State v. Preston

832 P.2d 513 | Wash. Ct. App. | 1992

66 Wash. App. 494 (1992)
832 P.2d 513

THE STATE OF WASHINGTON, Respondent,
v.
SHAWN JAMES PRESTON, Appellant.

No. 13952-9-II.

The Court of Appeals of Washington, Division Two.

July 16, 1992.

Jeffrey J. Jahns and Ronald D. Ness & Associates, for appellant (appointed counsel for appeal).

John W. Ladenburg, Prosecuting Attorney, Chris Quinn-Brintnall, Senior Appellate Deputy, and John M. Neeb, Legal Intern, for respondent.

PETRICH, C.J.

Shawn Preston was charged with being a minor possessing and/or consuming liquor under RCW 66.44.270(2). After a bench trial in juvenile court, Preston was acquitted of possession but convicted of consumption. He now appeals, claiming that there was insufficient evidence to support the consumption conviction and that the statute mandating the Department of Licensing to revoke his license for a violation of RCW 66.44.270(2) is unconstitutional. We affirm.
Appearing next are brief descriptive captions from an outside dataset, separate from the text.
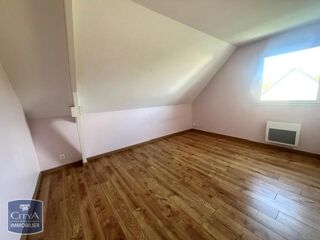  Villa à louer 6 pièces 123 m² Martinvast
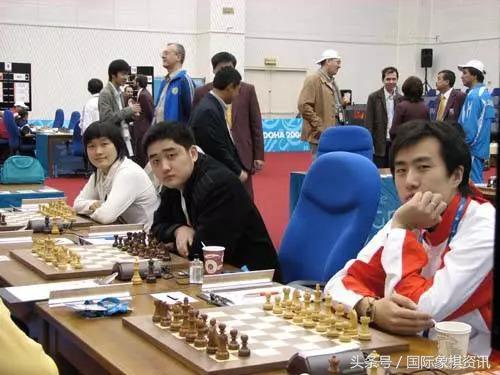 象棋賽場(chǎng)風(fēng)云，變化、自信與成就的舞臺之戰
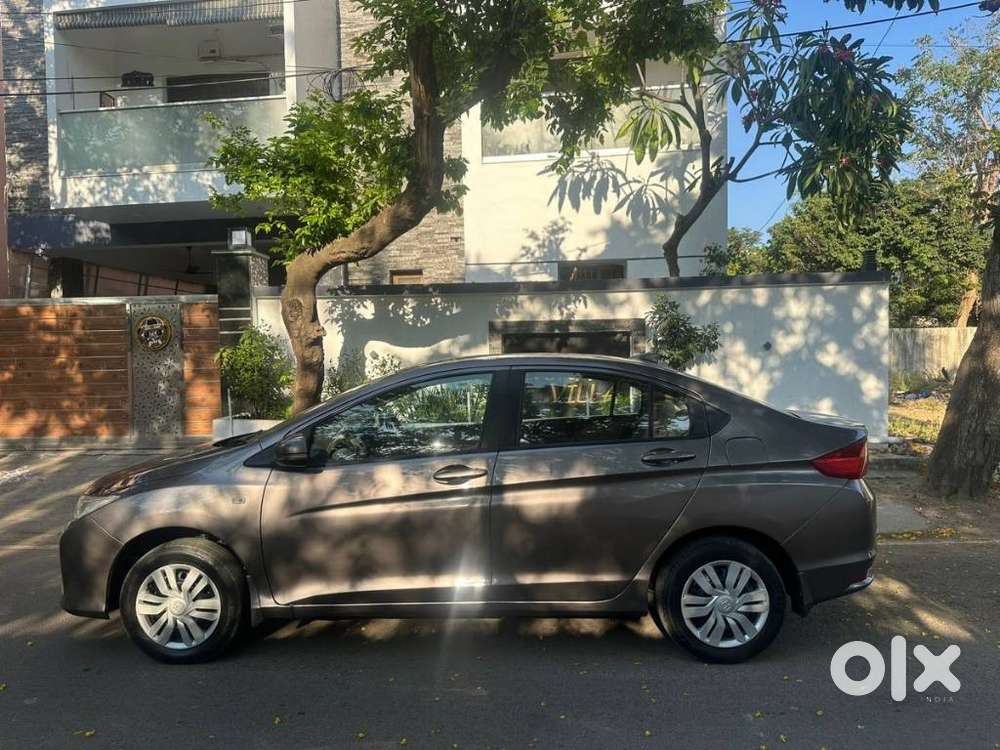 Honda City I-dtec Sv, 2015, Petrol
On July 25, 1989, deputy sheriff Edwin Knutson was patrolling a Pierce County lakefront park and observed Preston putting a brown paper bag into a trash receptacle. After finding that the bag was full of empty beer bottles, Officer Knutson followed Preston to a large group of young people standing by the lake. Preston then took off his shirt, entered the water and swam past the boundaries of the swimming area, ignoring Officer Knutson's command to stop.
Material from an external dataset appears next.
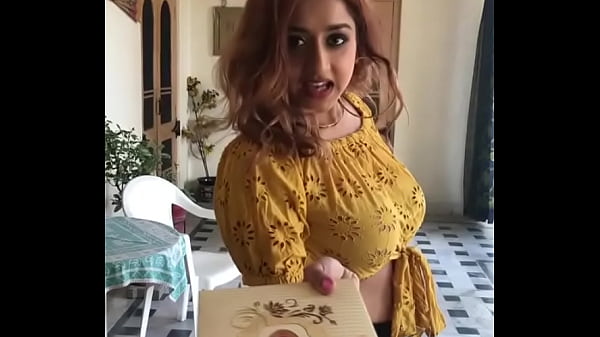 Braless Desi Cewek, Goyangannya Bikin Makin Panas.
*496 About 15 minutes later Officer Knutson saw Preston coming out of a private driveway. Upon seeing Officer Knutson, Preston ran back to the lake. Apparently after realizing that he was too tired to swim away, Preston returned to shore and spoke with Officer Knutson. Officer Knutson noticed the scent of alcohol on Preston's breath and read him his Miranda rights. At that time, Preston informed Officer Knutson that he had consumed only a few of the beers, not all the bottles he threw away, and that he ran away because he was scared. Officer Knutson took Preston home and placed him in his father's custody.

Preston was charged on January 30, 1990, with the crime of minor in possession and/or consumption of liquor, RCW 66.44.270(2). He was tried in Pierce County Juvenile Court on April 10, 1990. Following a bench trial, Preston was acquitted of possession of alcohol but was convicted of consumption of alcohol. He was sentenced to 2 months of community supervision, 8 hours' community service, and $80 in costs. At sentencing, Preston moved the court to prohibit the transmittal of the record to the Department of Licensing, or in the alternative, to grant a stay pending appeal. He also moved the court to declare that the statute mandating the revocation of Preston's license was unconstitutional. These motions were denied. However, a notice of appeal was apparently filed within 24 hours, which automatically stayed the suspension of his license pending appeal pursuant to RCW 46.20.270.

SUFFICIENCY OF THE EVIDENCE

Preston contends that there was insufficient evidence to convict him for "consuming" alcohol under RCW 66.44.270(2). RCW 66.44.270(2) provides:

(2) It is unlawful for any person under the age of twenty-one years to possess, consume, or otherwise acquire any liquor.

According to Preston, because the arresting officer did not actually see him consume beer, there was insufficient evidence to convict him of the crime of consuming alcohol.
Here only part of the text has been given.